Story highlights

The 59-year-old leader of the Guaviry tribe is killed, a Brazilian ministry says

About 40 gunmen attacked his tribe's camp near the Paraguayan border

Most of his tribe's 60 members fled into the woods, complicating the probe

"We will not leave our ancestral land," a tribesman says, according to a nonprofit

CNN  — 

About 40 gunmen attacked an indigenous tribe in southwestern Brazil on Friday morning, executing and dragging away its chief, a government ministry said.

Nisio Gomes, the 59-year-old leader of the Guaviry tribe, was shot in the head and then had his body taken away by the attackers, the Ministerio Publico Federal said on its website.

Law enforcement arrived at that conclusion after detecting human blood where the natives said that the chief had been fatally shot. The state-run Agencia Brasil news agency reported that the attackers shielded their identities.

Members of the tribe reported that several others are missing – including a woman and a child – though the ministry noted that that information could not be confirmed.
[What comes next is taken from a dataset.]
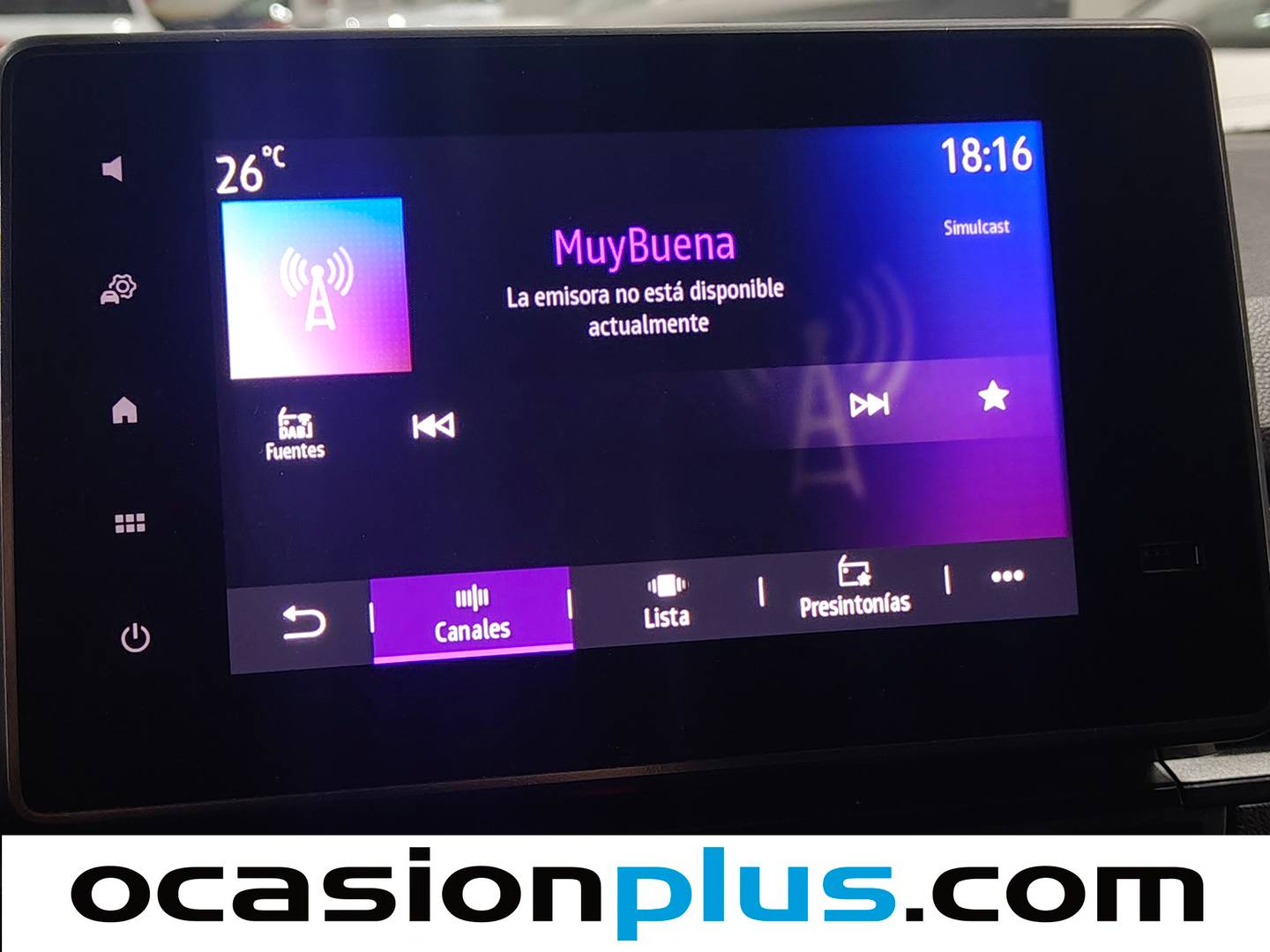 Nissan Townstar Nissan Townstar Furgon 1.3G L2 Profesional  (130 CV) manual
The investigation is complicated by the fact that all but 10 of this tribe’s approximately 60 members had fled into the nearby forest following the attack.

Survival International, a non-governmental organization that works with indigenous groups, said the tribe members have been attacked since returning to their ancestral land, near the Paraguayan border, earlier this month after being evicted by cattle ranchers. They said that gunmen had been circling their camp since Wednesday.

“We’ll stay (in) the camp,” one tribe member defiantly said, according to Survival International. “We’ll all die here. We will not leave our ancestral land.”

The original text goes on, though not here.